**PROBLEM TO SOLVE:**
Retype, without any change, the first line of the records and every line after it through the one containing "Amity, mental health".

**DATA TO EXAMINE:**
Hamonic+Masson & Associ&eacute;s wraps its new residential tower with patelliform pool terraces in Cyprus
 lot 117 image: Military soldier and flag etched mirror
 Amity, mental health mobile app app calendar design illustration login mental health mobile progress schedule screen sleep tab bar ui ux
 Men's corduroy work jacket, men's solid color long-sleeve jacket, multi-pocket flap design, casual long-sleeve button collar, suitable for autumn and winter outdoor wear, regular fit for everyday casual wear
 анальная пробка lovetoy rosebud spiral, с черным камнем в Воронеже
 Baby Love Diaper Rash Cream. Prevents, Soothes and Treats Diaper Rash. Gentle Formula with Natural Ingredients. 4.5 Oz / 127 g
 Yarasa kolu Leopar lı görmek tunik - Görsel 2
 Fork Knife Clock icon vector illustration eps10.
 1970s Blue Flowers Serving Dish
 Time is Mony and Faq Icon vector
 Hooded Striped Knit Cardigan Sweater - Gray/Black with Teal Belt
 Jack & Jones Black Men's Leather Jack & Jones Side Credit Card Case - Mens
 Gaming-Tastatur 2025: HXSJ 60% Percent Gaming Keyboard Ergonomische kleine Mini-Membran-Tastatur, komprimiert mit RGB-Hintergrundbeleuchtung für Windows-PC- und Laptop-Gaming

**ANSWER TO THE PROBLEM:**
Hamonic+Masson & Associ&eacute;s wraps its new residential tower with patelliform pool terraces in Cyprus
 lot 117 image: Military soldier and flag etched mirror
 Amity, mental health mobile app app calendar design illustration login mental health mobile progress schedule screen sleep tab bar ui ux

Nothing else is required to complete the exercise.